This project is a Flask application that facilitates the extraction of data from uploaded PDFs. Users can upload PDF files, select specific areas within the PDF using OCR APIs to extract data, and then map the extracted data to corresponding labels. The extracted data and mappings can be downloaded in JSON and CSV file formats. The project also includes an automated section, allowing users to streamline the extraction process by assigning labels to automatically extracted data, ultimately improving efficiency and saving time.
- Upload PDF files.
- Select specific areas within PDFs for data extraction.
- Utilize OCR APIs to extract data from selected areas.
- Map extracted data to predefined labels.
- Download extracted data and mappings in JSON and CSV file formats.
- Automated data extraction with labeling for improved efficiency.
Follow these instructions to set up and run the project on your local machine.
- Python 3.8+
- pip
- Flask
- Flask-RESTful
pdf_env is the virtual environment name you can change also :
python3 -m venv pdf_env
Activate the environment for setup project :
source pdf_env/bin/activate
If you want to out from environment :
deactivate
Install all requirement modules check environment is activate :
pip install -r requirements.txt
python3 main.py
|-- app/
| --authentication/
| |--__init__.py
| |-- model.py
| |-- routes.py
| |-- forms.py
| |
| --home/
| |-- __init__.py
| |-- model.py
| |-- routes.py
| |
| -- static/
| |-- assets<css, js, img>
| |-- uploads
| |
| -- templates/
| |-- includes/
| | |-- navigation.html
| | |-- sidebar.html
| | |-- footer.html
| | |-- scripts.html
| |
| |-- layouts/
| | |-- base.html
| |
| |-- home/
| | |-- annoted.html
| | |-- automate.html
| | |-- page-403.html
| | |-- pdf_template.html
| |
| |--accounts/
| | |-- login.html
| | |-- register.html
| |
| |
| -- config.py
| --__init__.py
|-- .gitignore
|--pdf_templates/
| |--data.json
|-- requirements.txt
|-- run.sh
|-- README.md
|-- .env
|-- main.py
- app/: Contains files related to the Flask application.

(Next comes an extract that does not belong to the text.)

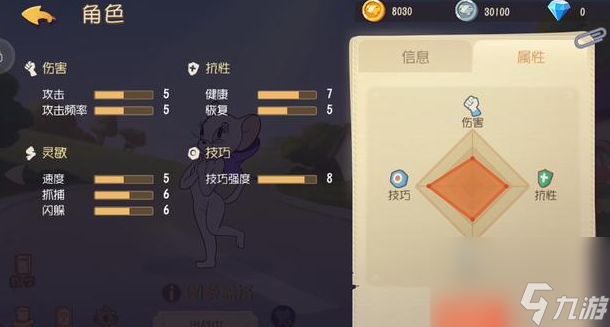 貓和老鼠手游圖多蓋洛怎么玩圖多蓋洛技能詳解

- static/assets/: Contains static assets such as CSS, JS, and images.
- uploads/: Directory for uploaded files and data storage.

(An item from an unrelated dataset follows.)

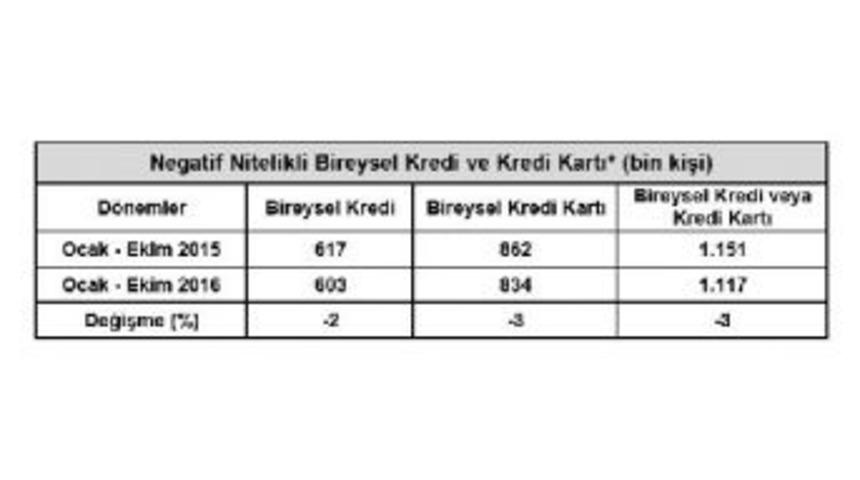 Kredi Ve Kart Borcu Takipleri Azaldı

- includes/: Templates and layout components for the application.
- home/: Contains HTML templates for specific pages.
- config.py: Configuration file for the application.
- .gitignore: Git configuration to ignore specified files.
- requirements.txt: List of Python dependencies for the project.
- run.sh: Shell script to run the application.
- README.md: Project documentation.
- .env: Environment variables configuration file.
- main.py: Main Python file for running the application.